_What you should do_. Look through the listing below for the line containing "A screenshot of". Copy it and each line after it up to and including the line containing "Spices placed in a bowl with a whisk on top.", exactly, leaving out pictures.

_Task material_.

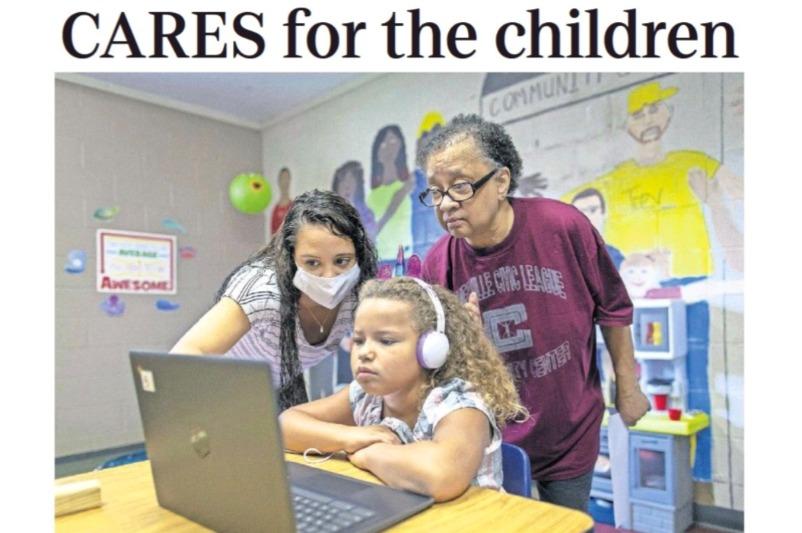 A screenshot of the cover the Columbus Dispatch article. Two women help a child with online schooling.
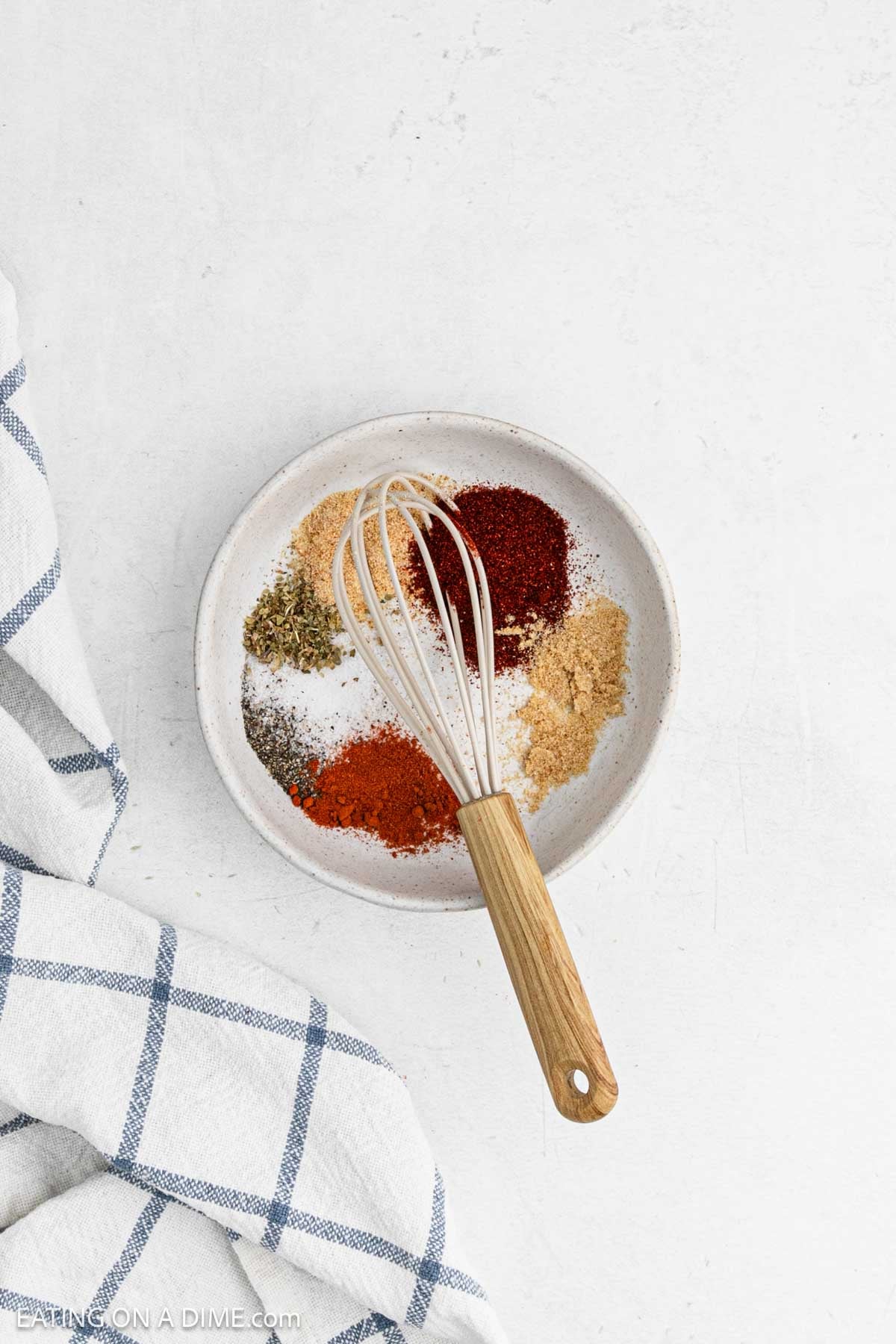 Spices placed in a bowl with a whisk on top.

---

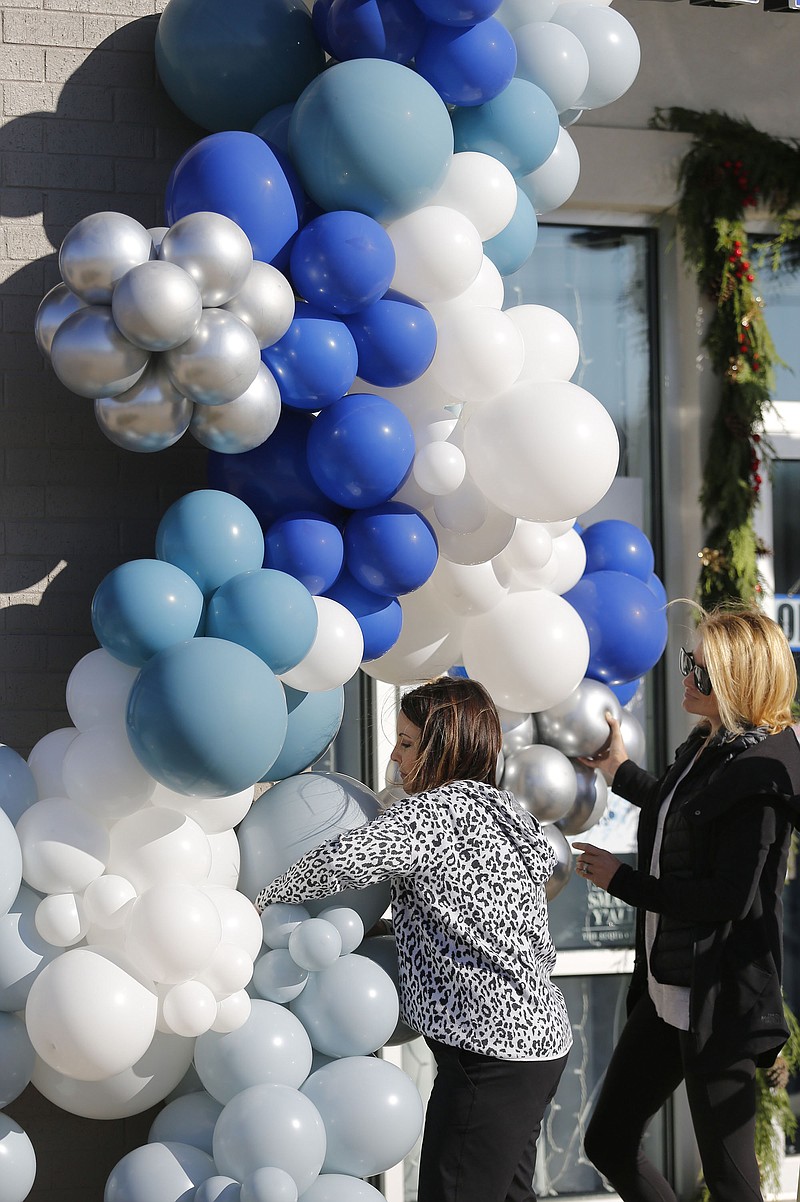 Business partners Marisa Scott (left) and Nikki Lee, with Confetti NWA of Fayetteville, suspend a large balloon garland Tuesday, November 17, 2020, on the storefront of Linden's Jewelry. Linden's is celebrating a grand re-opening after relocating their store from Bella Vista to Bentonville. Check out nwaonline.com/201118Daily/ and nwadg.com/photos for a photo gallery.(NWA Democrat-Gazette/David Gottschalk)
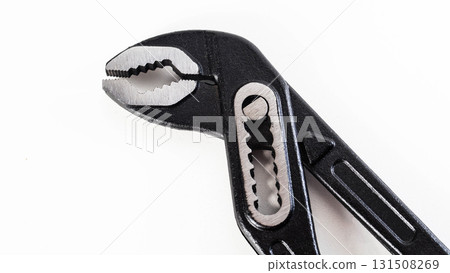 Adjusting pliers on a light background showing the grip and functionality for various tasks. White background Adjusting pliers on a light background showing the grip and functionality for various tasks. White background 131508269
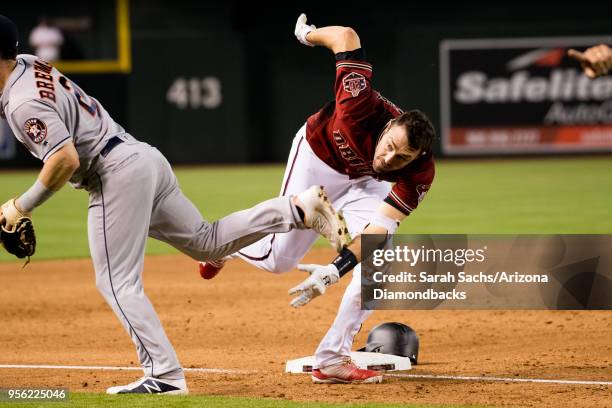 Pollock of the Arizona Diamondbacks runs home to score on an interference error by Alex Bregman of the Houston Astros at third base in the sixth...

_Answer space_.
 A screenshot of the cover the Columbus Dispatch article. Two women help a child with online schooling.
 Spices placed in a bowl with a whisk on top.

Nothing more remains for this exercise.